Hal ini juga diiringi dengan pertumbuhan perusahaan pelayaran nasional yang pada 2017 telah mencapai 3.760 perusahaan. Dengan kekuatan armada yang cukup besar, sejatinya pelayaran nasional juga telah mampu melayani seluruh pendistribusian kargo domestik. 

Seluruh distribusi kargo domestik pun sudah terlayani oleh kapal nasional dari total kargo sekitar 965 juta ton pada 2017 untuk seluruh wilayah Indonesia.

Investasi Asing di Industri Pelayaran Dinilai Ancam Kedaulatan Maritim

Azas cabotage juga berperan dalam mendorong pertumbuhan sektor terkait pelayaran nasional lainnya. Sedikitnya, terdapat 18 cluster bisnis terkait pelayaran nasional yang terdampak positif dari tumbuh kembangnya armada pelayaran nasional, misalnya galangan kapal, asuransi kapal, hingga sektor sekolah SDM pelaut.

Ketua Umum Indonesian National Shipowner’s Association (INSA) Carmelita Hartoto mengatakan, adanya usulan dari pihak-pihak tertentu untuk merevisi Daftar Negatif Investasi (DNI) pada angkutan multimoda, khususnya sektor angkutan laut merupakan sebuah kemunduran.

“Asas cabotage harus tetap berjalan konsisten, karena sudah terbukti memberikan banyak dampak positif dalam banyak aspek negara.
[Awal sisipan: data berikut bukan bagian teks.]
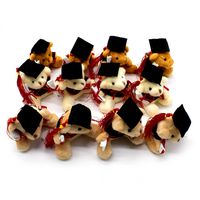 Pack 12 Llavero Osito 9 Cm Graduación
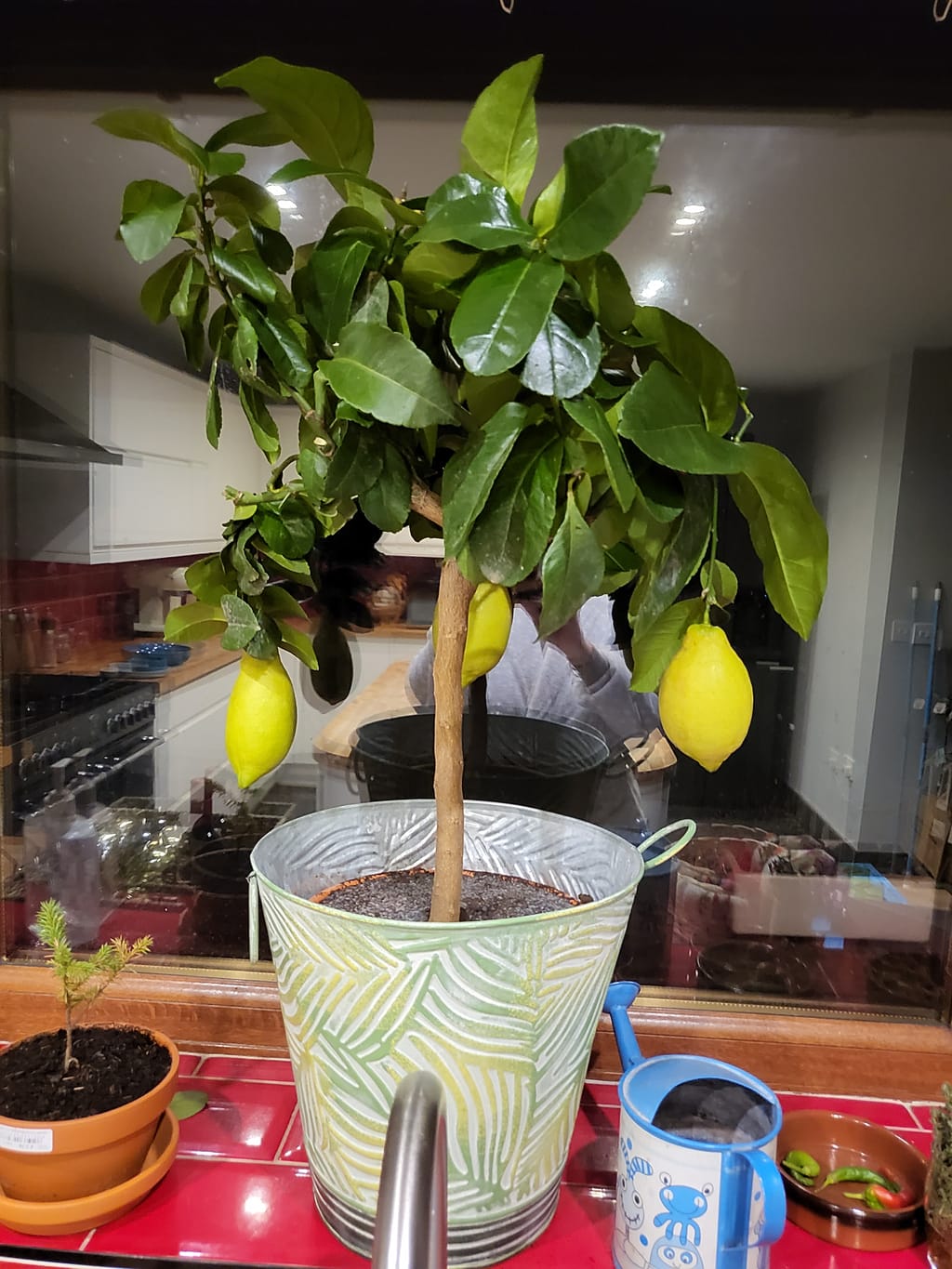 Lemon Trees Fruiting Lemon Tree Plants4Presents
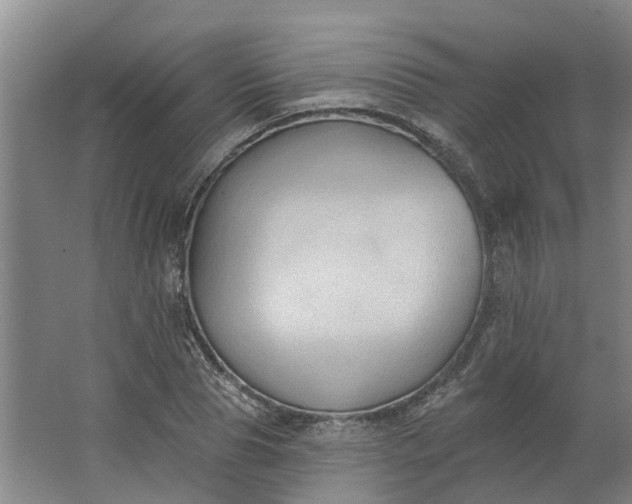 X0000062890929200601271644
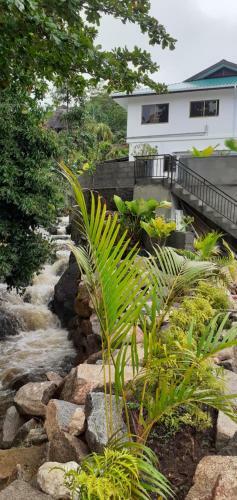 Apartamento Riverside Mount Simpson - Seychelles Island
Jadi kalau ada suara atau usulan untuk mengubah DNI di sektor angkutan laut tentunya harus ditolak,” kata Carmelita dikutip dari keterangan resminya Jumat 5 Oktober 2018. 

Menurutnya, pasar dalam negeri Indonesia dengan penduduk nomor 4 terbesar memang sangat menggiurkan investor asing, apalagi di saat pasar dunia yang tengah mengalami kelesuan. Untuk itu, pemerintah harus menempatkan safety dan security nasional di atas segalanya termasuk investasi asing.

Di sisi lain, pelayaran nasional masih memiliki pekerjaan rumah dalam mendorong daya saingnya. Jika DNI pada sektor angkutan laut dibuka hingga 100 persen untuk investasi asing, secara serta merta akan membuat pelayaran nasional akan kembali mengalami kelesuan.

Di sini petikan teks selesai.